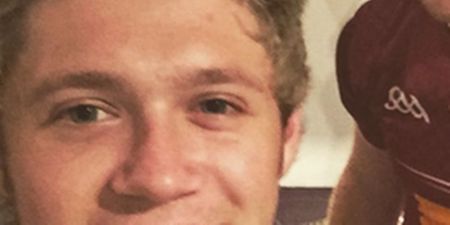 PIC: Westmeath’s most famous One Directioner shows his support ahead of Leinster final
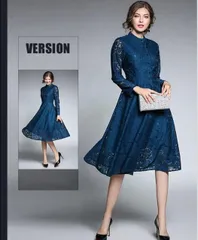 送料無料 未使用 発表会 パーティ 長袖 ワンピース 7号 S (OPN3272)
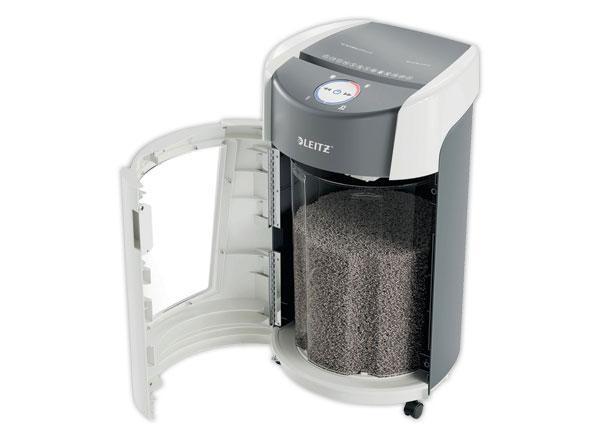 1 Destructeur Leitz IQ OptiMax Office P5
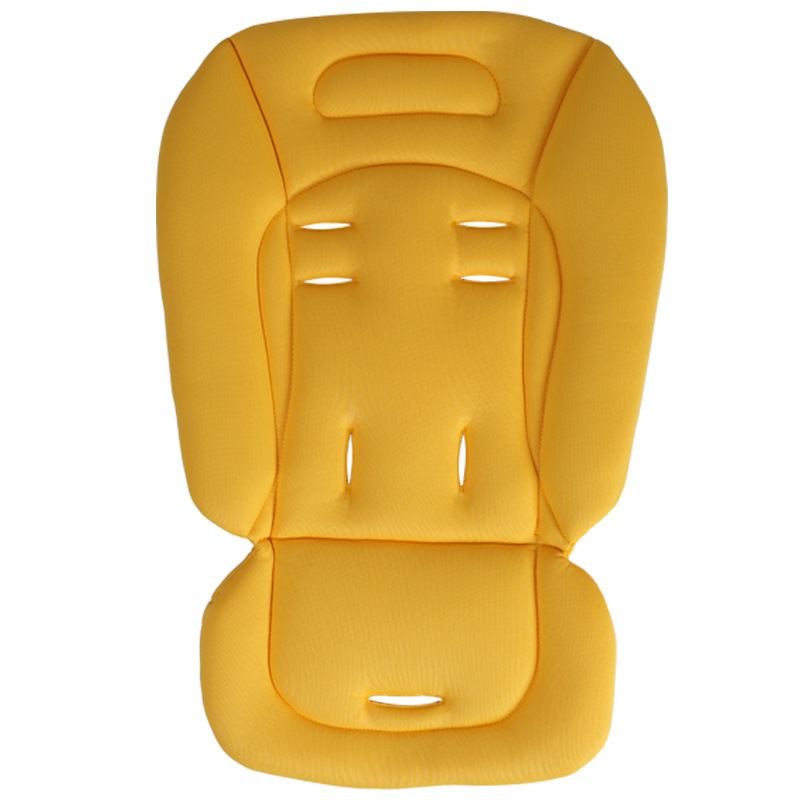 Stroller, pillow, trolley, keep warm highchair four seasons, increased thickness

__What you have to do__: Starting at the line that holds "1 Destructeur Leitz IQ OptiMax Office P5", write out every remaining line of the material above exactly as it appears. Pictures should not be copied.

__Exercise solution__:
 1 Destructeur Leitz IQ OptiMax Office P5
 Stroller, pillow, trolley, keep warm highchair four seasons, increased thickness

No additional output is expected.